### TO DO
All lines in the data that hold the word "Sleeve" need copying.
Segment Start: EXERCISE INPUT
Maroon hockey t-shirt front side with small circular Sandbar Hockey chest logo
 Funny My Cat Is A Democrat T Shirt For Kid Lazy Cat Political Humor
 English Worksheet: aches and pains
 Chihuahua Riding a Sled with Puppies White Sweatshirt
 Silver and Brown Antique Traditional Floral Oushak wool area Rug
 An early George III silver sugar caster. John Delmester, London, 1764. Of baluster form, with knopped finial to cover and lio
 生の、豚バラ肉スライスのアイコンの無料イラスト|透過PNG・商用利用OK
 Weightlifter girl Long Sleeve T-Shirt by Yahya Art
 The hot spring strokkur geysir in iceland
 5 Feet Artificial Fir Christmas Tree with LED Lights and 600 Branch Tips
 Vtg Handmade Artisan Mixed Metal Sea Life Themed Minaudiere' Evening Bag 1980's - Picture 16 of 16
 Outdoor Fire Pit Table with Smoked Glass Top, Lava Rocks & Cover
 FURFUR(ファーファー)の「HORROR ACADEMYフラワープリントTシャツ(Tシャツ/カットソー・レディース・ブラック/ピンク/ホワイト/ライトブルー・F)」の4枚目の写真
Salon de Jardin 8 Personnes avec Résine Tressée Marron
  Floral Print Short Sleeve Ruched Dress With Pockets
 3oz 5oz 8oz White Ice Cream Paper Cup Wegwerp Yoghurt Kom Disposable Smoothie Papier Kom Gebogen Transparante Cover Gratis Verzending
Segment End: EXERCISE INPUT
### ANSWER TO THE PROBLEM
 Weightlifter girl Long Sleeve T-Shirt by Yahya Art
  Floral Print Short Sleeve Ruched Dress With Pockets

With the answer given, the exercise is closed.